- Born: 22 August 1999 (age 27) South Africa

Gymnastics career
- Discipline: Women's artistic gymnastics
- Country represented: South Africa
- Gym: Johannesburg Gymnastics Centre
- Retired: 2022
- Medal record
Women's artistic gymnastics
Representing South Africa
African Championships
| Silver medal – second place | 2022 Cairo | Team |

= Mammule Rankoe =

South African artistic gymnast

Mammule Rankoe (born 22 August 1999) is a South African former artistic gymnast. She represented her country at the 2014 Summer Youth Olympics, the 2019 World Championships, and the 2022 Commonwealth Games.

== Gymnastics career ==
Rankoe began gymnastics when she was eight years old.

=== Junior ===
Rankoe won a silver medal with the South African team at the 2012 African Championships, and she placed fifth in the balance beam final. At the 2013 Serbia Memorial Cup, she won the all-around silver medal and won a gold medal on the uneven bars. She won the silver medal in the all-around at the 2014 African Junior Championships behind Egypt's Nada Ayman Ibrahim, and she helped South Africa win the team silver medal behind Egypt. She was then selected to represent South Africa at the 2014 Summer Youth Olympics. There, she finished 33rd in the all-around during the qualification round and did not advance into any finals.

=== Senior ===
Rankoe became age-eligible for senior international competitions in 2015. She placed fifth in the all-around at the 2015 South African Championships. She missed the rest of the 2015 season due to a shoulder cyst. She returned to competition at the 2016 South African Championships and won bronze medals on the balance beam and floor exercise. She competed on the uneven bars and the balance beam at the 2017 Koper World Challenge Cup but did not advance into the finals.
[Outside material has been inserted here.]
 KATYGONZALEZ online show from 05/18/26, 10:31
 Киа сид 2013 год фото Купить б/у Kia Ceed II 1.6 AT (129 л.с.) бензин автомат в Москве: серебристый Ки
Rankoe won the all-around silver medal at the 2019 South African Championships behind Naveen Daries. She then competed at the 2019 Guimaraes World Challenge Cup and finished seventh in the uneven bars final. She was selected to compete at the 2019 World Championships, and she placed 133rd in the all-around during the qualification round.
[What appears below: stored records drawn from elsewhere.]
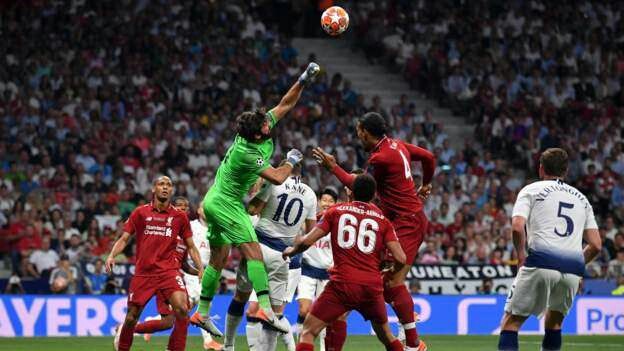 Alisson Becker meninju bola untuk mengamankan gawang Liverpool/AFP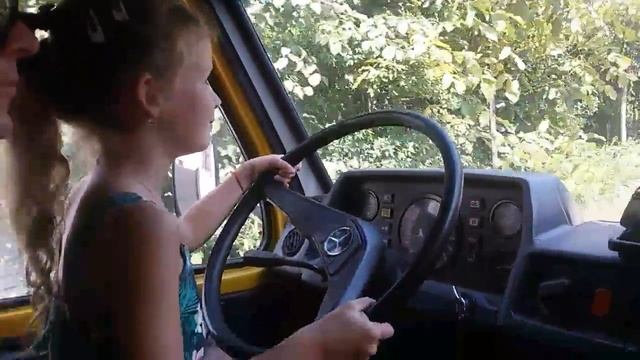 МАЛЕНЬКАЯ ДЕВОЧКА УПРАВЛЯЕТ ГРУЗОВИКОМ смотреть онлайн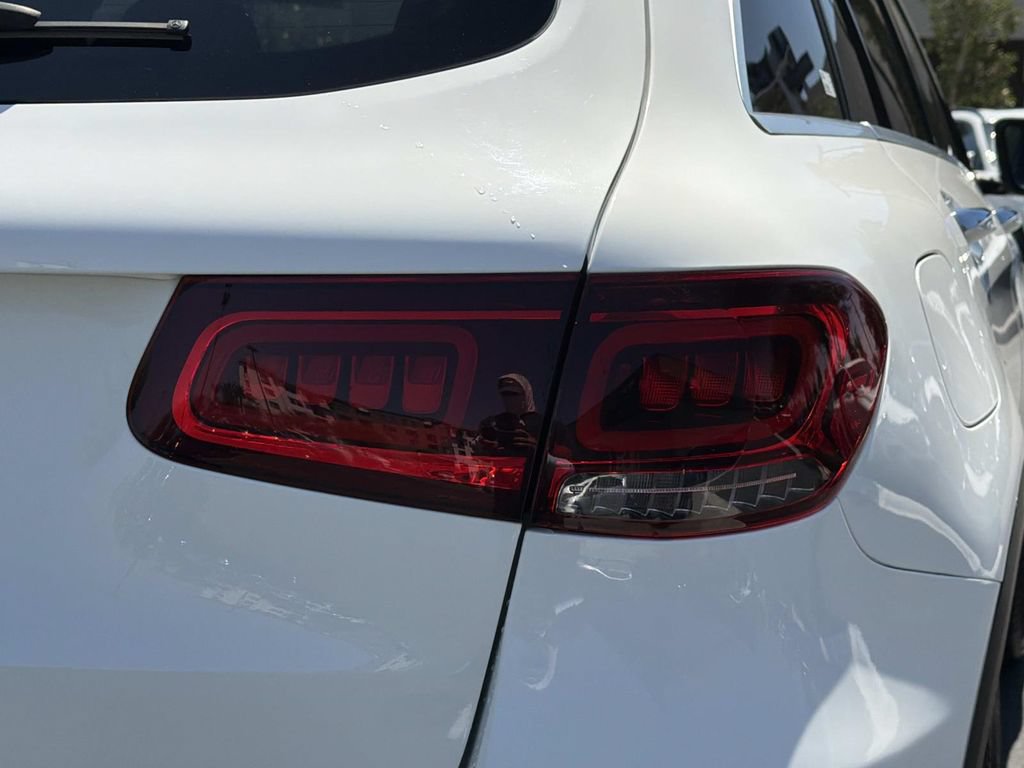 Used 2022 Mercedes-Benz GLC 300 image 26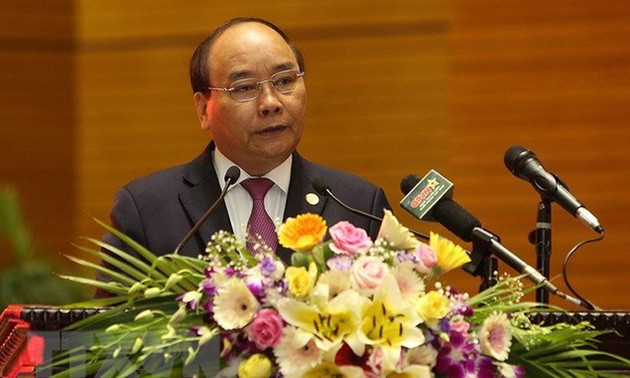 Nguyen Xuan Phuc총리, 베트남 인민군대의 질 및 전투력 제고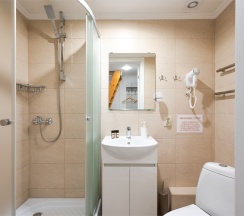 двухместный номер с двумя раздельными кроватями в Iq hotel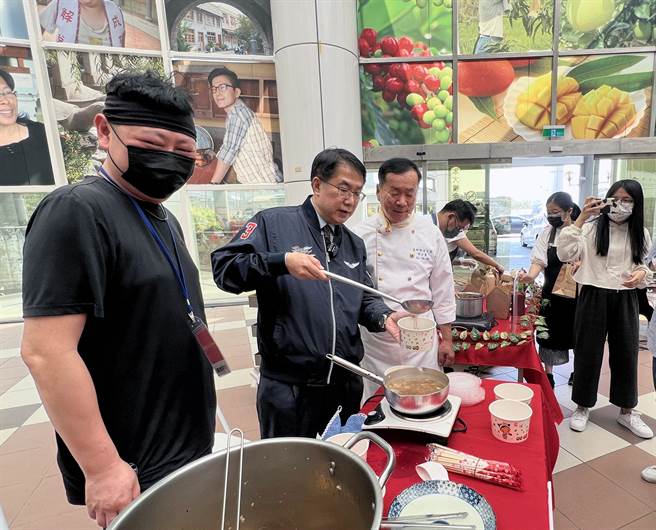 台南市長黃偉哲在知名的阿棠牛肉湯攤位煮牛肉湯。（洪榮志攝）
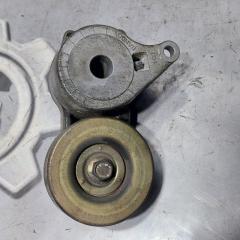 Ролик натяжной Mitsubishi Dion 2001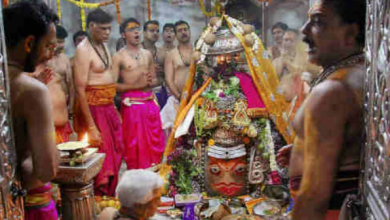 Photo of सावन माह के पहले दिन उज्जैन में हुई भस्म आरती, हरिद्वार से देवघर तक शिवभक्तों की उमड़ी भीड़
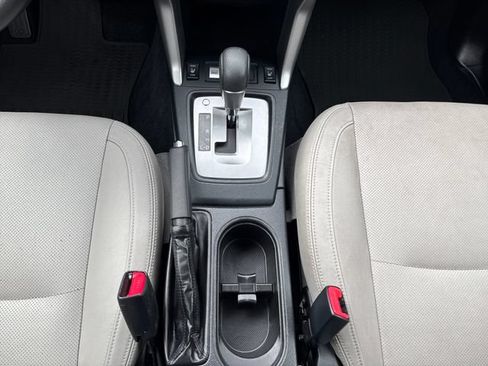 Used 2018 Subaru Forester 2.5i Limited AWD/4WD image 14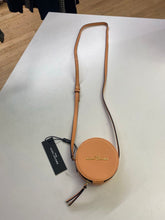 Load image into Gallery viewer, Marc Jacobs round crossbody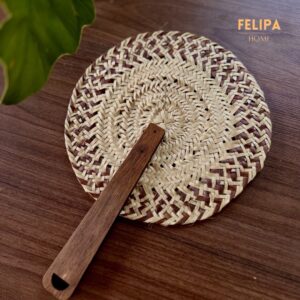 Abanicos artesanales elaborados a mano por artesanos paraguayos utilizando fibras naturales, ideal para bodas, eventos corporativos, souvenirs o regalos especiales para invitados.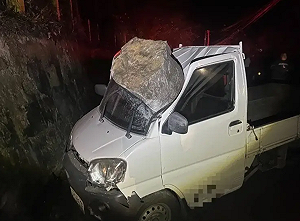 苗栗泰安山區突降巨石砸車 2移工命大逃死劫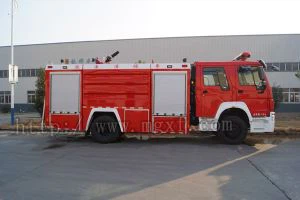 Camion dei pompieri con serbatoio in schiuma di medie dimensioni 8000L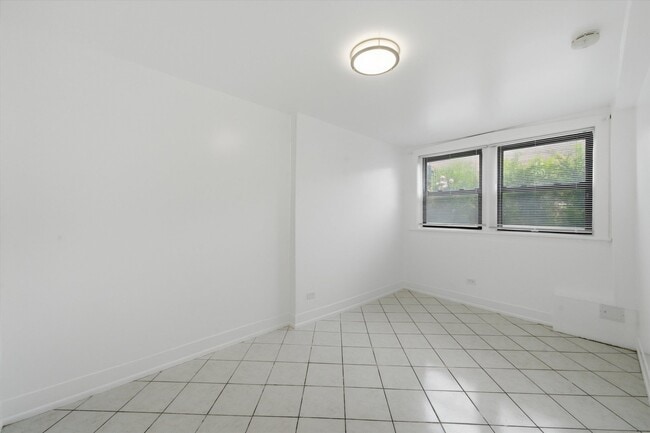 Building Photo - 2448 N Keeler Ave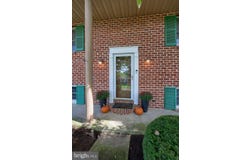 303 BROAD Street, AKRON, PA 17501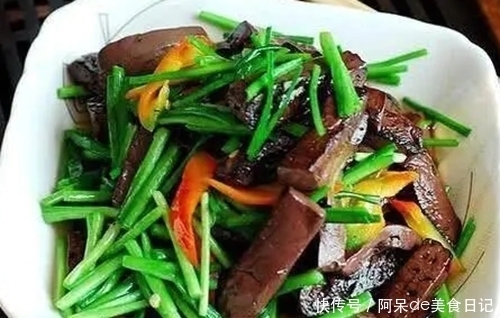 简单又下饭的家常炒菜,拌饭拌面卷饼吃,太过瘾超解馋!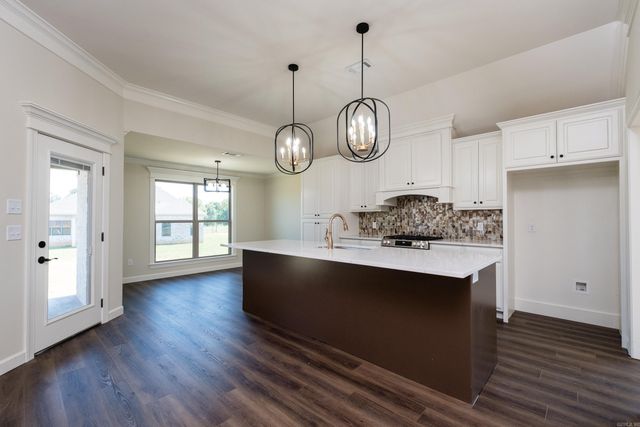 71 Corniche Cove, Maumelle, AR 72113
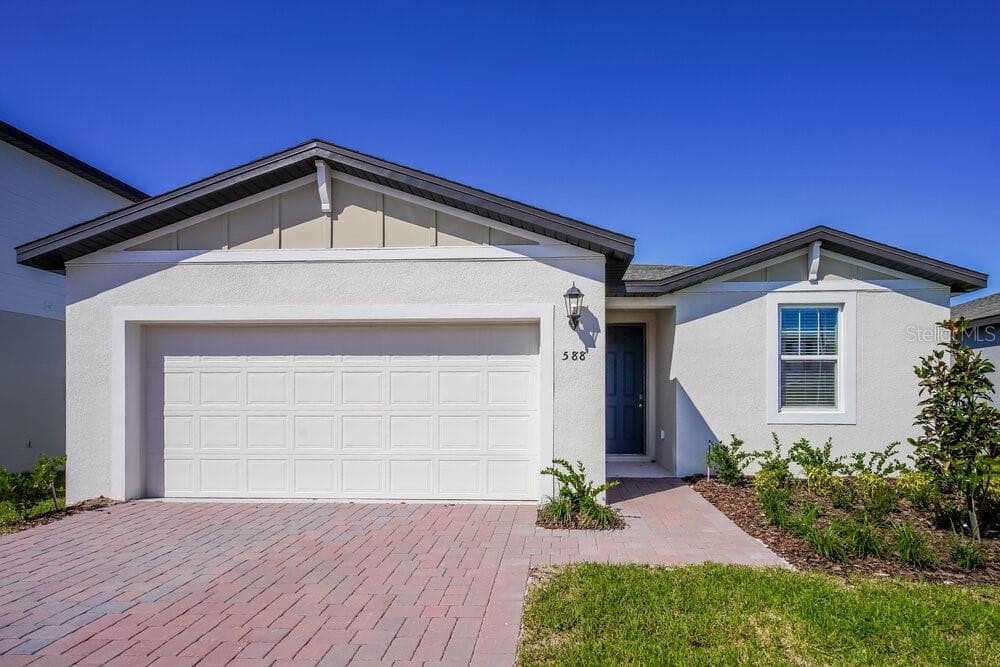 588 SUN WARBLER WAY ST CLOUD, FL 34771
Rankoe placed fifth in the all-around at the 2021 African Championships and did not win an Olympic berth. She finished fifth in the balance beam final at the 2022 African Championships and won a silver medal with the South African team. She was then selected to represent South Africa at the 2022 Commonwealth Games and helped the team place fourth. She announced her retirement after the Commonwealth Games.